As usual, the Fairfield recreation ground was lined with stalls selling clothes, bric-a-brac and second hand books. And of course there was the generous selection of food stalls to choose from. Hyundai and Kia were there displaying their latest vehicles, and the Residents Association were conducting a raffle with free return flights to Seoul as the prize. The local fire brigade and police were also there – and the local police chief announced that the force now had hits first Korean special constable.
Among the more unusual exhibitors were an Indian Yoga group and a guitar-toting representative of the Kingston Environmental Centre. The Earth’s getting hotter / The seas are getting high / We gotta do something or we’re all gonna die, he sang, to a jolly tune. He was soon drowned out by the feisty sound of Bomi Lee singing some great songs from the musicals. She introduced her numbers in a strange fusion of Korean and North London English – she’s married to a Londoner but sadly (for London audiences) she will be returning to Korea soon to pursue her stage career there.
The Gershwin Gang from Cheshire followed with an varied collection of songs from earlier in the century – an entertaining set, but not one with any perceivable Korean connection. We moved on to traditional performances: dance, court music, folk music and more.
MC duties were split between Shin Bona of New Malden’s Theatre For All, who organise the artistic elements of the New Malden festival, and Korean comedian Hansimi. “Beautiful music, beautiful costume. Shame about your ugly face,” he quipped to Professor Yang Seong-pil after his daegeum sanjo performance. I’m sure it sounded more appropriate in the original Korean.
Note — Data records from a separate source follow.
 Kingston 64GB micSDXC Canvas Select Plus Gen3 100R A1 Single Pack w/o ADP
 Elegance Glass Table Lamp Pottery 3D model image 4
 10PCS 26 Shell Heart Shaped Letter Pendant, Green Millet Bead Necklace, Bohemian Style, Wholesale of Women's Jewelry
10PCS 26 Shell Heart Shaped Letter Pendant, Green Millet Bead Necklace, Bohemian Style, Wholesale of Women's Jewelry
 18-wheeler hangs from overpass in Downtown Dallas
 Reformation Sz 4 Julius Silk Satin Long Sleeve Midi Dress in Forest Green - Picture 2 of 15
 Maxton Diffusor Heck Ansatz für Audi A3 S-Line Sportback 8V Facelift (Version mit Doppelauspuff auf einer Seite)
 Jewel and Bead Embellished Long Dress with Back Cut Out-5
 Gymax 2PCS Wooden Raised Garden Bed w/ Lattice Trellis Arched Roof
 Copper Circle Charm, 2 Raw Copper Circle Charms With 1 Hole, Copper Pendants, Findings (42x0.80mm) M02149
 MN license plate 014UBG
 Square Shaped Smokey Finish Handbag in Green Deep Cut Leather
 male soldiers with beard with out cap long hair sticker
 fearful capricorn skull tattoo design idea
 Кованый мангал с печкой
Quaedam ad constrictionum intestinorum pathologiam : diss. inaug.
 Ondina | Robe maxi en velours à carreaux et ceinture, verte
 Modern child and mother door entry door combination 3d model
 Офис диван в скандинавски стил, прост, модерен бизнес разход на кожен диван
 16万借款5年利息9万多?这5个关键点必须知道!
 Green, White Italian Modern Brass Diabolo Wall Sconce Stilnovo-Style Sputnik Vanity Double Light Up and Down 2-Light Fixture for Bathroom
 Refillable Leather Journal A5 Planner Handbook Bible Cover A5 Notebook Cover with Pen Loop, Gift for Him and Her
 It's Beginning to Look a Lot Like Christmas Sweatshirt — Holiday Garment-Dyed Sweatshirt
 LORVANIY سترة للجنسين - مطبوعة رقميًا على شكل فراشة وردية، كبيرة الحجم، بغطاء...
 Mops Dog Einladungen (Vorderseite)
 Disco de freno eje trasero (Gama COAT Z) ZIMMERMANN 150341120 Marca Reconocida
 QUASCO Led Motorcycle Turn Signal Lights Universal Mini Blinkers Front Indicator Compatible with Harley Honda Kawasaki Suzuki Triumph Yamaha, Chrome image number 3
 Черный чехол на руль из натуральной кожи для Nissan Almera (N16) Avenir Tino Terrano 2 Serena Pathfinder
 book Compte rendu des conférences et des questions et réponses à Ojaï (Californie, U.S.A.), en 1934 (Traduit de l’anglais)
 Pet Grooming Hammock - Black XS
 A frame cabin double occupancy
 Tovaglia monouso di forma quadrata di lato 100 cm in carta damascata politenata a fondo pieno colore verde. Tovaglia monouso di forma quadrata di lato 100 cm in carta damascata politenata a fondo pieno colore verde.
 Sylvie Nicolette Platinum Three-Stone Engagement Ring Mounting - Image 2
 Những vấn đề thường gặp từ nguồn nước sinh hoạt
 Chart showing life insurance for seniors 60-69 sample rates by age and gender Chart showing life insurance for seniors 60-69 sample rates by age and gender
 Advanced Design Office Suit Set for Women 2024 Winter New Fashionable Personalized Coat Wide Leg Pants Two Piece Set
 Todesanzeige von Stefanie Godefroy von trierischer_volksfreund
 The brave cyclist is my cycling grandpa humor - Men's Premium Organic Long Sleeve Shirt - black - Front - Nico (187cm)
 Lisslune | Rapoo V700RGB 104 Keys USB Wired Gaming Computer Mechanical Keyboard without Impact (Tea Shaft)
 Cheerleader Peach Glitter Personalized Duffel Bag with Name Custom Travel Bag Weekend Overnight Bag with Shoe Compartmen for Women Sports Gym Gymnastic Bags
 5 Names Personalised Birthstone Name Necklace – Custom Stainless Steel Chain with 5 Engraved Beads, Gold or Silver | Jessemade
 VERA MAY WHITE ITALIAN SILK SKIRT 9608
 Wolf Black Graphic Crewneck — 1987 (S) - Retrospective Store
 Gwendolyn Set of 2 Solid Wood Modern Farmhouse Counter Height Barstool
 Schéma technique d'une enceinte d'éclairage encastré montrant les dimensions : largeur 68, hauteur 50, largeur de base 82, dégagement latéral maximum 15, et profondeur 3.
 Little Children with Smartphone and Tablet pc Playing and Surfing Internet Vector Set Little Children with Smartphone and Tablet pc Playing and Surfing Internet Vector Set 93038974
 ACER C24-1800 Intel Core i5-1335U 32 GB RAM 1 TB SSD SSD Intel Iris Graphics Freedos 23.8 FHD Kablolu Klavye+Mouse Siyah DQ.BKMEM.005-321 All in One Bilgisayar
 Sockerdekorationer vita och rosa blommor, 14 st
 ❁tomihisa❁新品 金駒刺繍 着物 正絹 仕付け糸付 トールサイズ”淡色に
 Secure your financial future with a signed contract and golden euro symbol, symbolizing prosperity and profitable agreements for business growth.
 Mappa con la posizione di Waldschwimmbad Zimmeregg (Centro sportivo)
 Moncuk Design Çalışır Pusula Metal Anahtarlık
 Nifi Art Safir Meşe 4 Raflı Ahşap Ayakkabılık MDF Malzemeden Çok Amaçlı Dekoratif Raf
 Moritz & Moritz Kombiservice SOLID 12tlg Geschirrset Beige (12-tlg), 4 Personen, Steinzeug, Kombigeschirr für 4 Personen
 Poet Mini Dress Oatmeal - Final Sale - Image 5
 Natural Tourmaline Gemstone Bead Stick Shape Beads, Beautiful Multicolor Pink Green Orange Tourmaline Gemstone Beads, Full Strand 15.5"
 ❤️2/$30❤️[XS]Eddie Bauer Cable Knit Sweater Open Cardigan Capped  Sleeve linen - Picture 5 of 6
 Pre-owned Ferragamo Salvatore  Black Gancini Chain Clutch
The audience were warming up nicely. During a lively Arirang, some of the ajummas started dancing. Our comic dragged the liveliest one on stage where she wiggled her hips suggestively. She was rewarded by a chivalrous kiss on the hand from one of the war veterans.
Soon it was the moment that all the youngsters (and some not so young) had been waiting for: the dance performance from the Korean HipHop Team. Suddenly the area in front of stage was packed with Korean teenagers.
And then the heavens opened.
The dancers did their best to overcome the weather, and the audience cheered them on, but you can’t help thinking that their performance would have been more lively if the stage hadn’t been so wet. The hapkido team which followed suffered more than a few bumps and bruises as they lost their footing. Later, some Korean yodellers would have to compete against the sound of the downpour.
But as ever the event was a good opportunity to meet new friends, enjoy lots of free entertainment and sample the range of food available.